Anti-Obama film continues
Despite receiving a conspicuous lack of mainstream media coverage, 2016: Obama’s America continues to attract ticketbuyers here in H-Town. Indeed, the aggressively provocative documentary – a slickly packaged critique of You Know Who – has been playing here since July 13, and continues this weekend (and, who knows, maybe for another month as well) at the AMC Gulf Pointe and First Colony theaters, the Edwards Marq*E megaplex, the Cinemark at Market Street in the Woodlands and the Santikos Silverado complex in Tomball.
As I noted in my fair and balanced Variety review, 2016 is conservative author and political commentator Dinesh D’Souza’s attempt to distill and expand upon the theories, investigations and accusations in his best-selling book The Roots of Obama’s Rage.
Despite receiving a conspicuous lack of mainstream media coverage, 2016: Obama’s America continues to attract ticketbuyers here in H-Town.
Strictly speaking, it’s not an anything-goes hatchet job – for one thing, D’Souza (who serves as co-director, co-scriptwriter and on-camera interviewer/commentator) avoids birther imbecility – but while making the case against re-electing its subject, it’s about an objective as one of Michael Moore’s cinematic screeds.

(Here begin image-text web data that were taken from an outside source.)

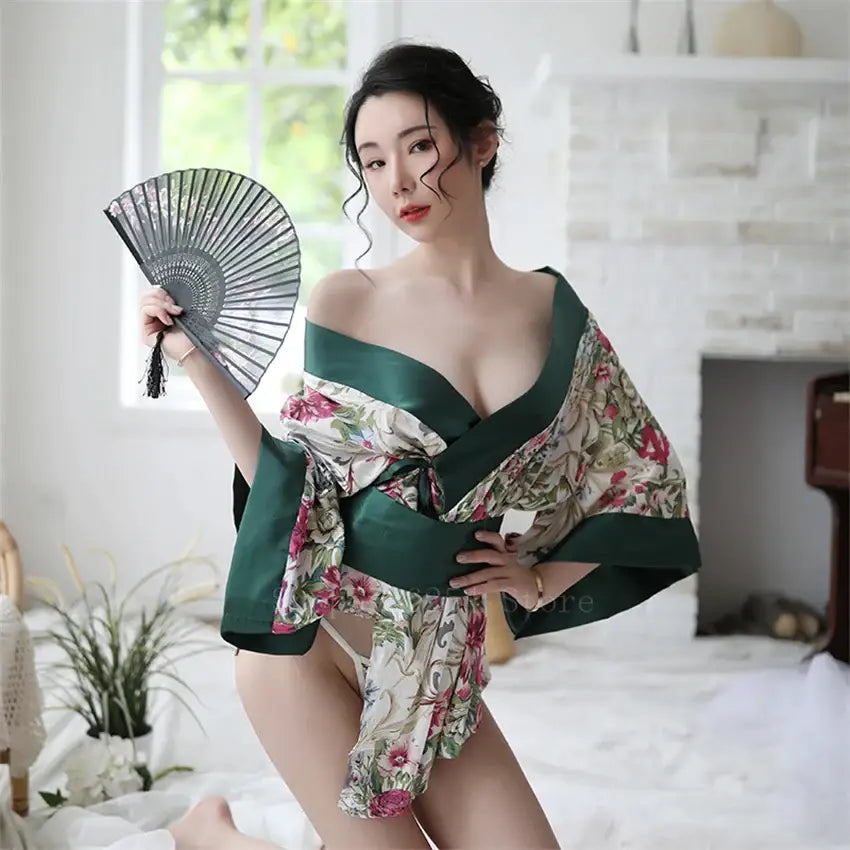 Kimono di seta floreale verde
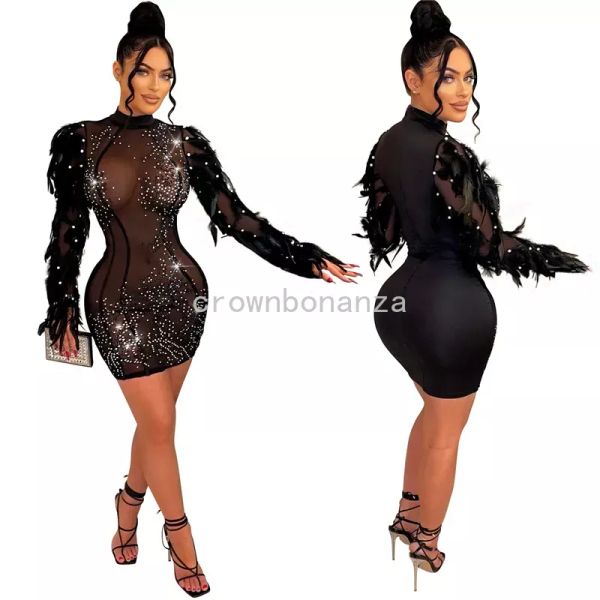 2024 designer sexy rhineston diamantes vestidos mulheres luxo manga longa malha de penas ver através de mini vestido night club vestido roupas por atacado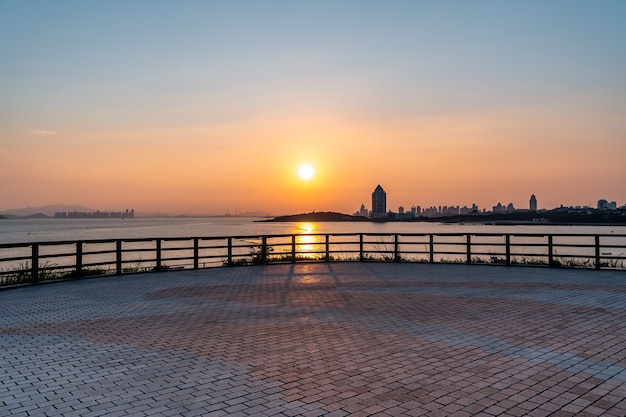 Beau paysage architectural de littoral à Qingdao, Chine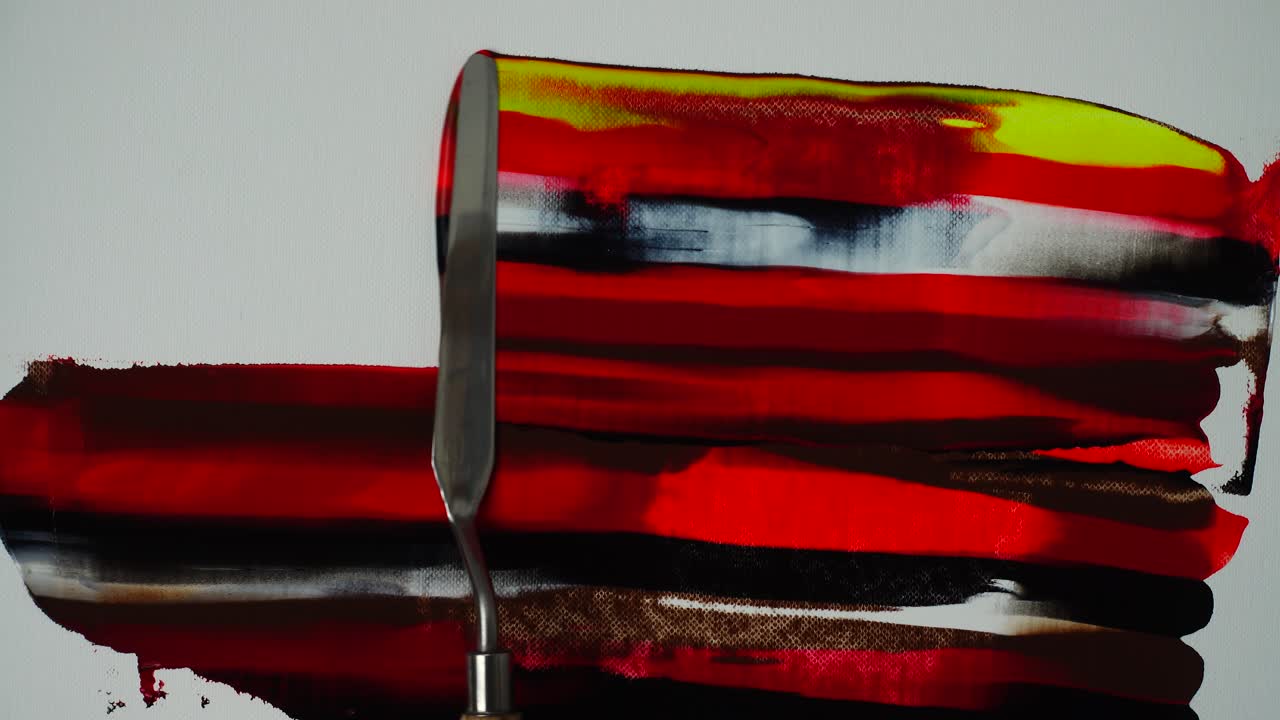 Der Künstler zeichnet einen abstrakten Hintergrund in Acryl.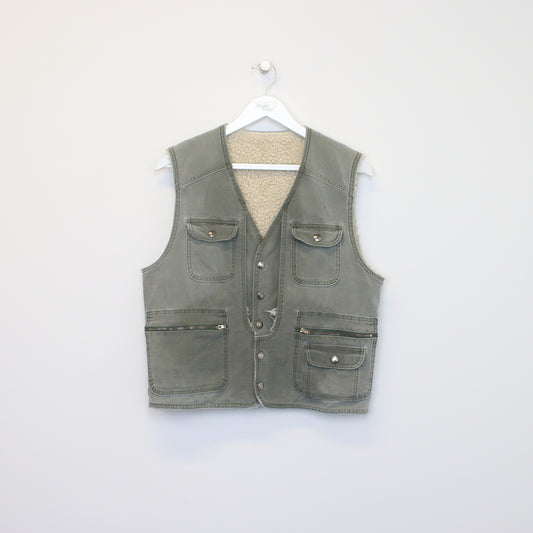 Vintage Unbranded vest in grey. Best fits M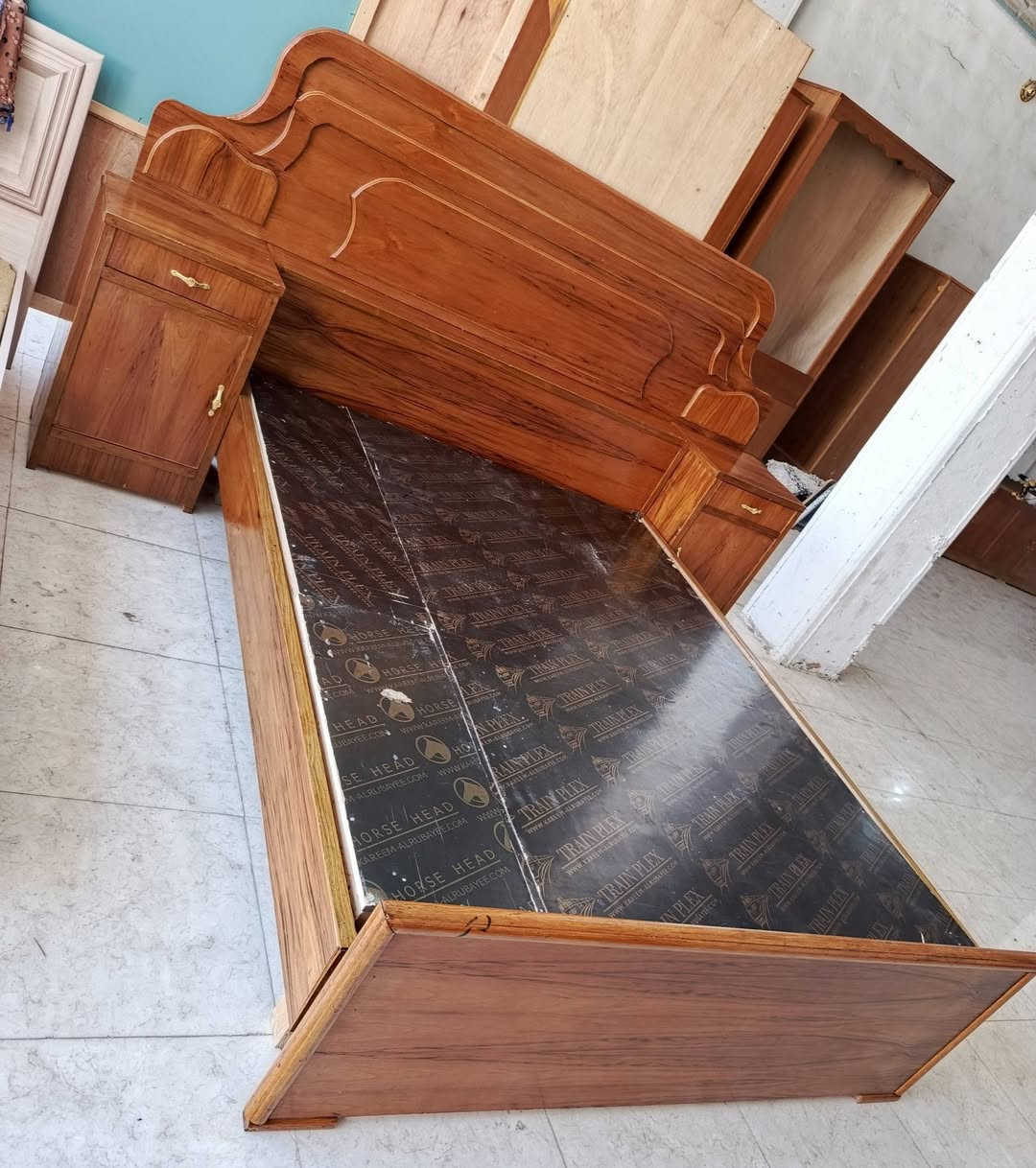 سلام عليكم🙋🏻‍♂️
ملحقات غرفه كاملات شغل صاج خشب عراقي حطاطه نوعيه كلشش راقيه بشرط شغل توب قياس جربايه 155 في 200 نضيفات حيل 😍🫴🏻
تريد ابيعلك شلع كولهن او تريد ابيعلك مفرد يرهم😍

 سعرهن شلع 250 كولهن 😉🔥
جلؤلاء مدخل سيطرة المعسكر  بدخوليه بلظبط عل ايدك الايمنه 🌺 مزاد ارشد الدهلگي
꧁***********꧂
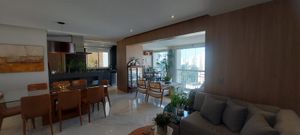 Image 4 - 874537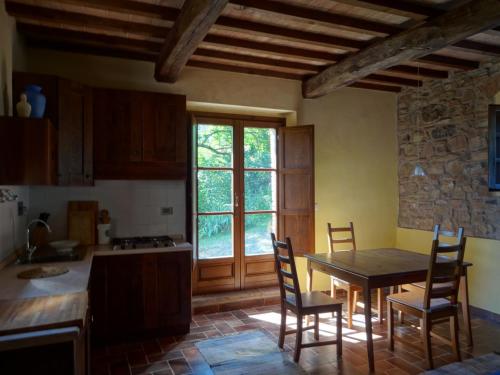 蒙泰卡蒂尼瓦尔迪切奇纳Agriturismo Palareta的厨房配有桌椅和窗户。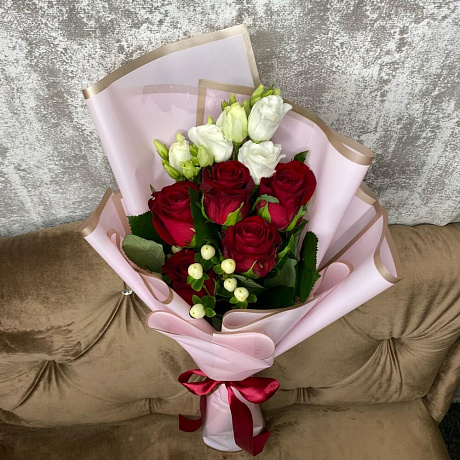 Букет из 5 красных роз и Эустомы - Фото 6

(Not that there’s necessarily anything wrong with that, you understand.)
Basically, the film employs a brisk montage of snappy visuals, re-enactments, talking-head interviews and first-person commentary to render President Barack Obama as a clear and present danger whose socialist governing philosophy has been indelibly colored by radical influences ranging from his African-born father (a rabid anti-colonialist) to the notorious Rev. Jeremiah Wright.
It’s doubtful that anyone who voted for Obama in 2008 would be won over by D’Souza’s warning that, in the wake of a second Obama term, America would be a mere shadow of its formerly great self. Still, there’s no gainsaying the value of 2016 as a sort of Cliffs Notes précis of the conservative case against the re-election of our current US president (whose second term, it should be noted, actually would end in January 2017).
They exhort. You decide.
Sundance gems and Bollywood erotic thriller
Opening elsewhere this weekend: The well-reviewed Searching for Sugar Man and the Oscar-nominated A Cat in Paris, both at the Sundance Cinemas.
And there’s actually a Bollywood erotic thriller titled Jism 2 – OK, wipe that smirk off your face – continuing at the AMC Studio 30. To answer the inevitable question: No, I didn’t know there had been a Jism 1, either.